La Serranía is a comarca in the province of Guadalajara, central Spain, with the capital in the city of Sigüenza. It is one of the less populated regions in Europe. La Serranía is home to monumental villages such as Anguita, Atienza, Luzón, Palazuelos.
Abundant archaeological sites from the Iron Age have been found, especially around Sigüenza. There are deposits in Santamera, Riosalido and Castilviejo de Guijosa.
During the Romanization of Hispania in the second century BC, Sigüenza was one of the last Arevaci bastions to fall.
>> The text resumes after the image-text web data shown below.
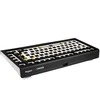 Ducky Tinker 75 Barebone Klaviatūra žaidimams, ISO - juodas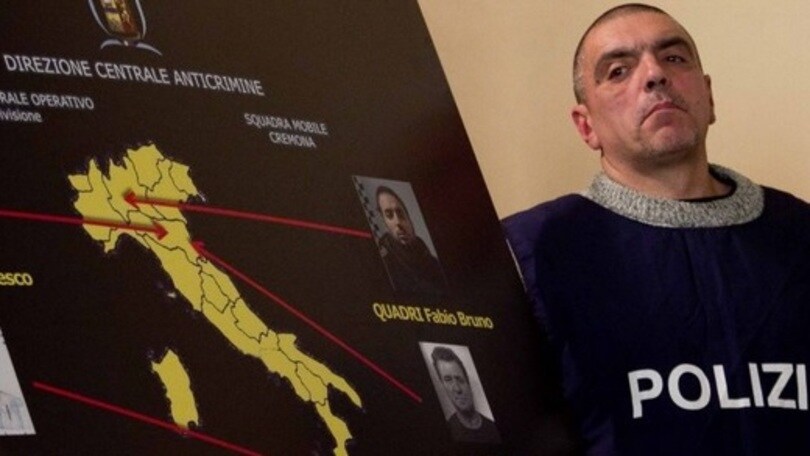 Calcioscommesse, squadre coinvolte e nomi degli indagati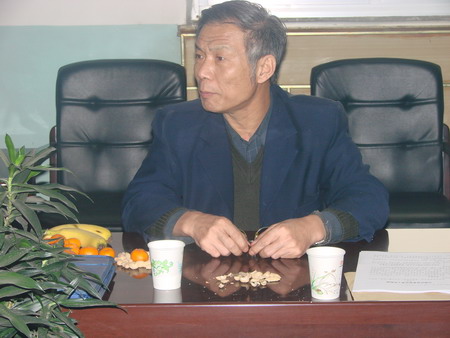 民进吕梁市直总支部召开工作会议 民进吕梁市直总支部召开工作会议
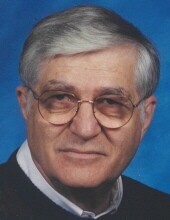 Victor J. Peterson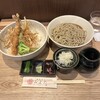 蕎麦きり みよた 八重洲地下店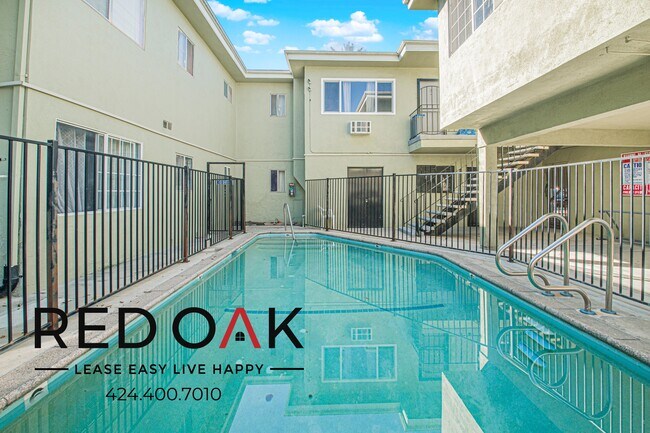 Building Photo - 14039 Archwood St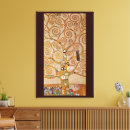 Recherche de arbre de klimt art Symbolisme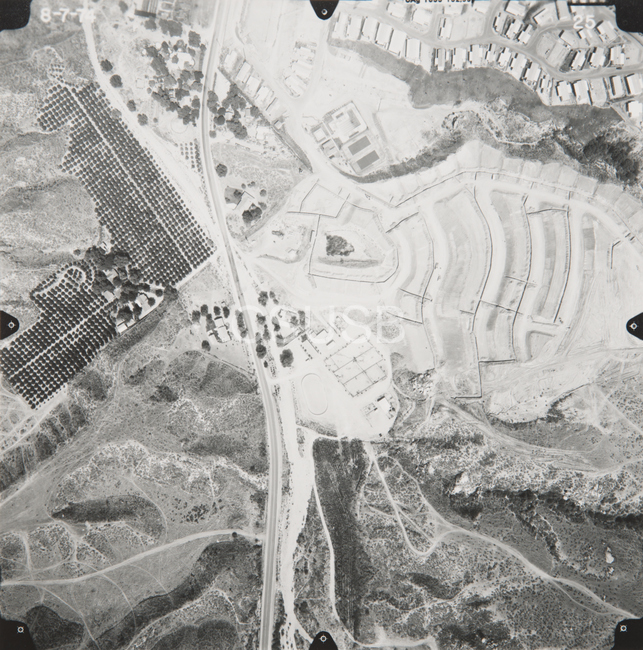Riverside County 25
Roman roads still exist in these environs and remains of mansions, cauponas, taverns and mutationes have been found in places like Mandayona, Palazuelos, Carabias and Alcuneza.
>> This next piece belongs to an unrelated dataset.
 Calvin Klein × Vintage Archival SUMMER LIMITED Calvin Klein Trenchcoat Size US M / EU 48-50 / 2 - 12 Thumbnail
Castles in Alcorlo, Atienza, Beleña de Sorbe, Cogolludo, Riba de Santiuste and Sigüenza, as well as the Bujarrabal and Barbatona towers date back to the Andalusi period.
From the twelfth century onward, after the Castilian conquest, rural Romanesque style was developed throughout the region, abundant examples of which survive to date, though significantly transformed in the seventeenth century.
Atienza increased to fifteen churches, of which five of Romanesque origin remain today. Other examples of Romanesque present in the Pela highlands are the San Bartolome de Campisábalos church, the San Pedro de Villacadima church and the Santa Coloma de Albendiego hermitage, with its prominent apse.
In Sigüenza there are the San Vicente and Santiago churches. Other noteworthy churches in the rest of the region are the Salvador de Carabias church, the Pinilla de Jadraque Church of the Assumption, the Saúca church of the Assumption and the Beleña de Sorbe church of the Assumption. Also of note is the Bonaval Monastery, in the Jarama valley, near Retiendas, dating originally to 1162 and mixing Romanesque with Gothic.